Ch. 8: While Butler is composing his spirits by walking beneath Salusbury Crags, the narrator devotes three chapters to filling in the family history. The Deans and Butler families were both threatened with eviction by the old Laird of Dumbiedikes but reprieved by his son following his father's deathbed change of heart.

Ch. 9: David Deans, father of Jeanie from his previous marriage, married Widow Butler, Reuben's grandmother and guardian, resulting in the birth of Effie.
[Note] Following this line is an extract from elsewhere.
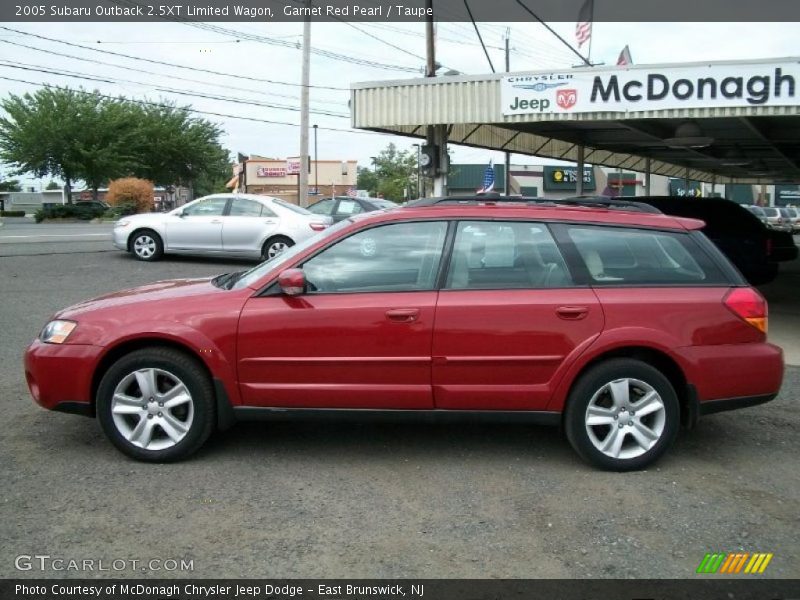 Garnet Red Pearl / Taupe 2005 Subaru Outback 2.5XT Limited Wagon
Butler and Jeanie grew up together, Jeanie being sluggishly courted by the young Dumbiedikes.

Ch. 10: After her mother's death and the family's move to Saint Leonard's Crags, Effie became Mrs Saddletree's servant and was arrested for presumptive child murder.

Ch. 11: Encountering Robertson in the King's Park, Butler is told to summon Jeanie to meet him at Nichol Muschat's Cairn.
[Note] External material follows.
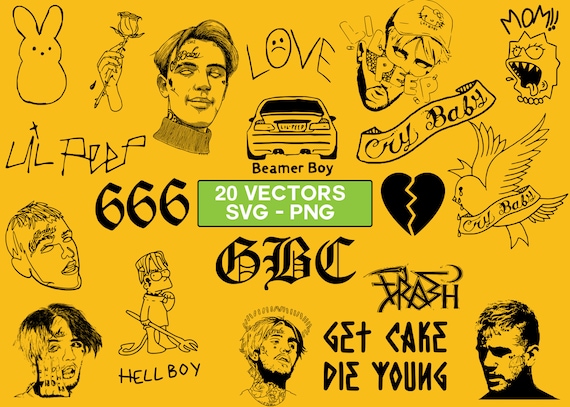 Best 31 Lil Peep Tattoos  NSF  Magazine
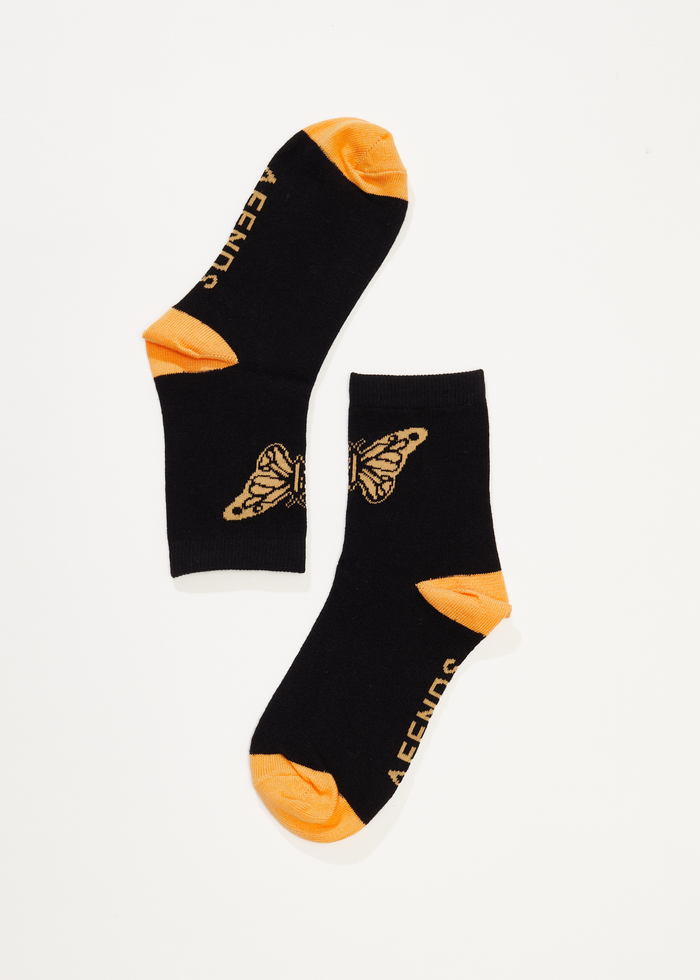 Afends Womens Papillon -  Socks One Pack - Black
Ch. 12: Butler comforts Deans, as does Saddletree with less effect. He passes on Robertson's message and is annoyed at Jeanie's secrecy on the matter. Deans, Saddletree, Dumbiedikes, and Butler set about investigating the evidence and making arrangements for Effie's representation.

Ch. 13: Butler is arrested and examined in connection with the Porteous affair.

Volume Two

Ch. 1 (14): After family devotions Jeanie sets out for the meeting at the cairn.

Ch. 2 (15): Robertson presses Jeanie to save Effie by lying in court.

Ch. 3 (16): Jim Ratcliffe, onetime criminal, interrogates Madge Wildfire, who says that Robertson wore her clothes during the Porteous riot.

Ch. 4 (17): Gideon Sharpitlaw, the procurator fiscal, ascertains from Effie that Robertson was the father of her child. Robertson escapes a party seeking to arrest him at the cairn after a warning song by Madge.

Ch. 5 (18): Jeanie also escapes the search party. Baillie Middleburgh receives an anonymous letter from Robertson indicating that Jeanie has it in her power to save her sister. Meg Murdockson comes to fetch her daughter Madge.

Ch. 6 (19 [18 ctd]): After some weeks Middleburgh visits Deans, who decides to leave the decision whether or not to appear at Effie's trial to Jeanie.

Ch. 7 (20 [19]): Jeanie misunderstands her father's words, believing that he is leaving it to her to decide whether or not to lie to save her sister.

Ch. 8 (21 [20]): Jeanie visits Effie in prison.

Ch. 9 (22 [21]): Deans and his daughter make their way to the court.

Ch. 10 (23 [22]): The preliminary hearing.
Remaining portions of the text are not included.